My mom is suffering from IWAP. While she does agree that Jack is a terrific grandpuppy, she is addicted to the herding dogs.

Beardies are at the top of her list.
Australian Shepherds, Border Collies, and you get it.

I searched the Bearded Collie Club of America but there are really no breeders in New England listed. I was wondered if any of the show people have come across some nice breeders.

Thanks....


----------



## irnfit (Nov 21, 2006)

I think Classical Havanese also breeds Beardies, but they are in Toronto. Maybe you can contact them for some help.


----------



## krandall (Jun 11, 2009)

morriscsps said:


> My mom is suffering from IWAP. While she does agree that Jack is a terrific grandpuppy, she is addicted to the herding dogs.
> 
> Beardies are at the top of her list.
> Australian Shepherds, Border Collies, and you get it.
> ...


Pam, there's a lady with a lovely Beardie who is at most of the same shows we are. When I see her next, I'll ask her. If I weren't allergic to them, I'd consider one!!!


----------



## krandall (Jun 11, 2009)

Also, there is an AWESOME Aussie rescue group in this area, and I happen to know they have an ADORABLE group of puppies in foster care at the moment...


----------



## Rita Nelson (Jul 13, 2009)

Pam, the breeder we got Tucker from was a Bearded Collie breeder before breeding Havs. She might be able to help you find someone in the NE area. Her name is June Hartzog of Jubo-Lee Havanese. Her website is jubolee.com. You can get her phone # from there if you wish.


----------



## morriscsps (Aug 17, 2010)

@ Karen, that would be great if you could ask the Beardie owner. My mom has wanted a Beardie for years. What is the name of the Aussie rescue group? Mom is going to semi-retired April 1 and wants an 8 week old puppy then. Probably the cute Aussie puppies will be too old by then. 

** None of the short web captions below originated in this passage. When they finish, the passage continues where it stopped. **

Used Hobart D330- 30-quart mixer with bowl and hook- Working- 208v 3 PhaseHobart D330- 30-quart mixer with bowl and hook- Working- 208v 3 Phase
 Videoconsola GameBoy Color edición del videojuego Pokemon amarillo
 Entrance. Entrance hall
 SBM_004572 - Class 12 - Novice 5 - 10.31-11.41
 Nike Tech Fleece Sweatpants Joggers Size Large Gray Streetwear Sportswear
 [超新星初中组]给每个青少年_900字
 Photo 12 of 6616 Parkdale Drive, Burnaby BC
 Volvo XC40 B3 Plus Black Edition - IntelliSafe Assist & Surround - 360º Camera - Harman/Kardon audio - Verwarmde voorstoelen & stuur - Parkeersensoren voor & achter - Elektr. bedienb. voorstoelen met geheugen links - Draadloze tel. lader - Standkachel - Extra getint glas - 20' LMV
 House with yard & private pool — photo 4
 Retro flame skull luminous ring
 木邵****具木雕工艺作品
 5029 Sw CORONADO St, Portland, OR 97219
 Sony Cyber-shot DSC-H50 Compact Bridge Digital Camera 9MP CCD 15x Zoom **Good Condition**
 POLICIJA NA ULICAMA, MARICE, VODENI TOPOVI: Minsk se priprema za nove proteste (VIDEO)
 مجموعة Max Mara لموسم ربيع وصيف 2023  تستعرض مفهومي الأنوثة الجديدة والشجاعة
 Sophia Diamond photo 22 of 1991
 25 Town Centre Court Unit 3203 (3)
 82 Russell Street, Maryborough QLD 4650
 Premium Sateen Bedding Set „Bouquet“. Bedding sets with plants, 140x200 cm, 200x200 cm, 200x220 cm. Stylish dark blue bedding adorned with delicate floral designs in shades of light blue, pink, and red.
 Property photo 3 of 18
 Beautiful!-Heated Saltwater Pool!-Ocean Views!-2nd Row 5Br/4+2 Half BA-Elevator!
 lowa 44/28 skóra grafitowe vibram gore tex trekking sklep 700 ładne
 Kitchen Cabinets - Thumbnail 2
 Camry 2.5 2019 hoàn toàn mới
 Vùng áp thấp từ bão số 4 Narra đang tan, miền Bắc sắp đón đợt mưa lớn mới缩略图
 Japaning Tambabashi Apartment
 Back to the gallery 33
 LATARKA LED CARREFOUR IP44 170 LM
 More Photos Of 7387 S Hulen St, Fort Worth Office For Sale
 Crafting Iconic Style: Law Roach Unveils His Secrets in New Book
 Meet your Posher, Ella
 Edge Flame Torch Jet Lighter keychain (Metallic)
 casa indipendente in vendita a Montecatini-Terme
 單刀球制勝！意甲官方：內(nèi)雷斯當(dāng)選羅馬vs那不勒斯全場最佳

@ Rita: lol! Jack is from June's line, too. I sent her an email last night. I am hoping that she has some leads.

Thanks, everyone!


----------



## krandall (Jun 11, 2009)

morriscsps said:


> @ Karen, that would be great if you could ask the Beardie owner. My mom has wanted a Beardie for years. What is the name of the Aussie rescue group? Mom is going to semi-retired April 1 and wants an 8 week old puppy then. Probably the cute Aussie puppies will be too old by then.
> 
> @ Rita: lol! Jack is from June's line, too. I sent her an email last night. I am hoping that she has some leads.
> 
> Thanks, everyone!


It'll probably be a few weeks before I see the lady with the Beardie again. In the mean time, the rescue my friend is involved with is:

Www.ns4ar.org


----------



## morriscsps (Aug 17, 2010)

Well, I haven't been very successful in my search for a Beardie puppy. Mom has limited me quite a bit. Not only does it have to be within a six hour drive but she wants a dark female with dark brown eyes and a black nose. Yikes!

I found one breeder in NH but she only has the lighter colored Beardies. Mom also wasn't to thrill with the sire. He had health issues as a puppy. Otherwise, a very nice breeder with great dogs and had all the checks on the checklist.

Soooooo.... I have asked Mom if she would consider other breeds. Tibetan Terriers popped up. I don't know ANYTHING about them. Does anyone have any experience or knowledge? I read the TT standard.

Any input would be great. Thanks.


----------